WORK REQUEST » Each entry should be duplicated verbatim; its pictures should not be.

Collection entries
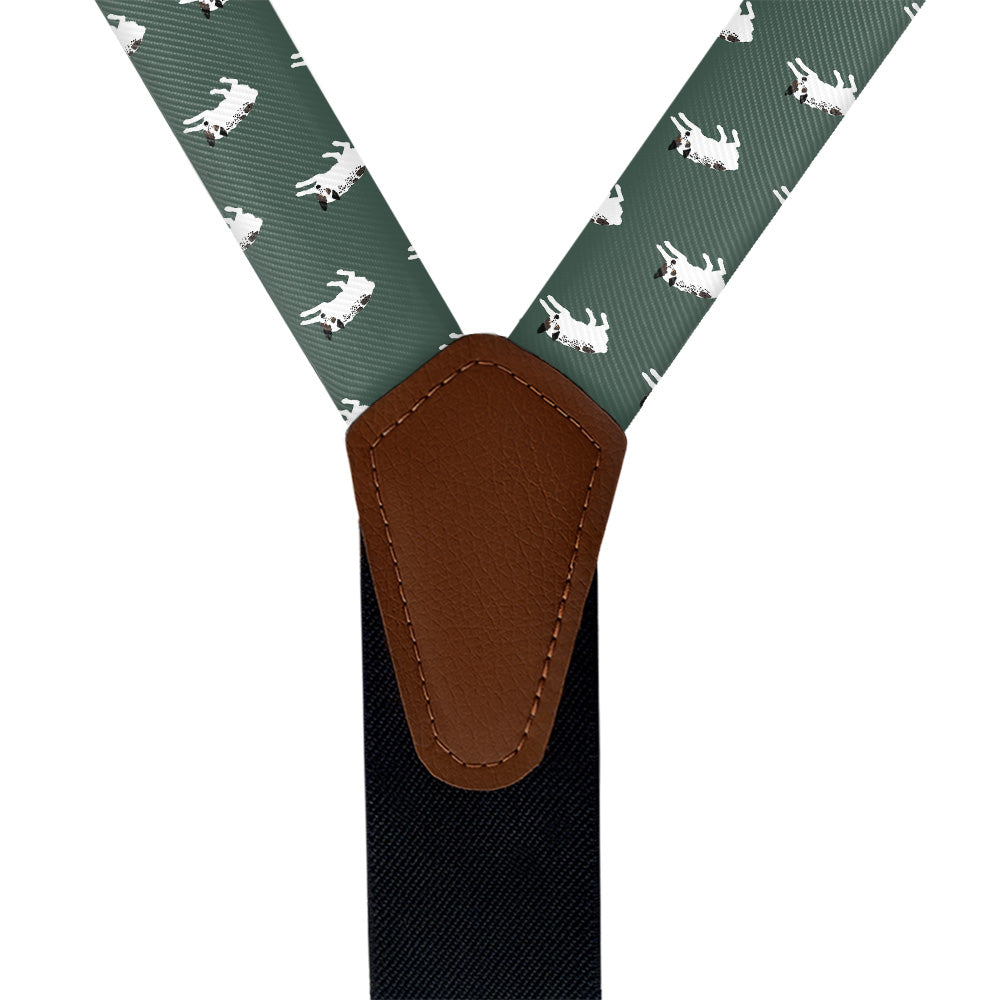 Australian Cattle Dog Suspenders - Vegan Leather Y-Back - Knotty Tie Co.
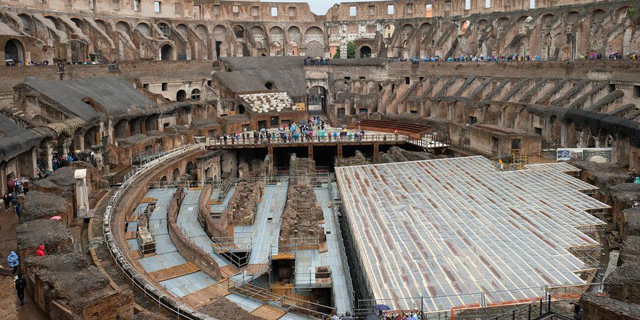 להרגיש כמו גלדיאטור: איטליה תבנה מחדש את רצפת הקולוסיאום ברומא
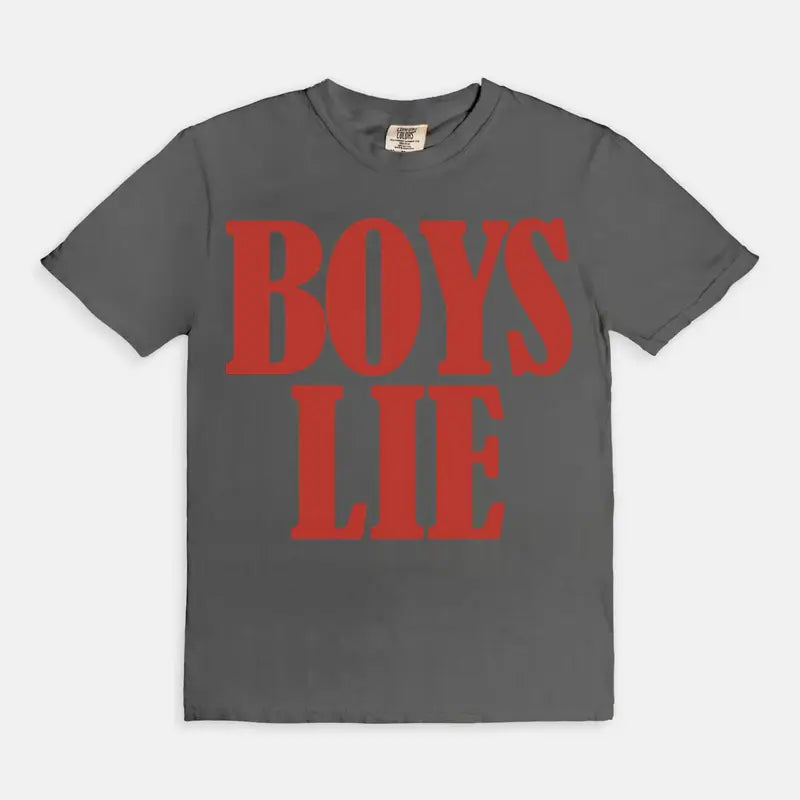 WE THE BABES - Boys Lie Valentine Tee - Smoke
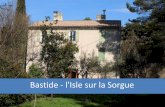 Bastide - l'Isle sur la Sorgue - zonprovence.com · De Bastide wordt omgevormd tot 4 mooie residenties met terras en tuinen. Elke residentie heeft z’n eigen inkom en terras. Alles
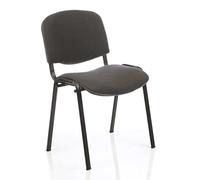 Office Chair | Stacking Visitors Chair | Charcoal Fabric | Medium Back | No Arms | ISO BR000059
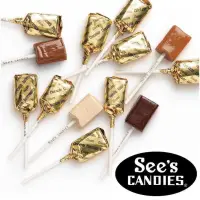 在飛比找蝦皮購物優惠-現貨🇺🇸See’s Candies 棒棒糖 單支零售 See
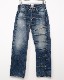 FULLCOUNT X KAMIYA Switching Denim Pants [ G11FC102 ] KAMIYA / ���ߥ�
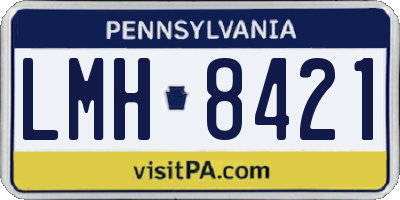 PA license plate LMH8421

ANSWER FOR THIS EXERCISE »
 Australian Cattle Dog Suspenders - Vegan Leather Y-Back - Knotty Tie Co.
 להרגיש כמו גלדיאטור: איטליה תבנה מחדש את רצפת הקולוסיאום ברומא
 WE THE BABES - Boys Lie Valentine Tee - Smoke
 Bastide - l'Isle sur la Sorgue - zonprovence.com · De Bastide wordt omgevormd tot 4 mooie residenties met terras en tuinen. Elke residentie heeft z’n eigen inkom en terras. Alles
 Office Chair | Stacking Visitors Chair | Charcoal Fabric | Medium Back | No Arms | ISO BR000059
 在飛比找蝦皮購物優惠-現貨🇺🇸See’s Candies 棒棒糖 單支零售 See
 FULLCOUNT X KAMIYA Switching Denim Pants [ G11FC102 ] KAMIYA / ���ߥ�
 PA license plate LMH8421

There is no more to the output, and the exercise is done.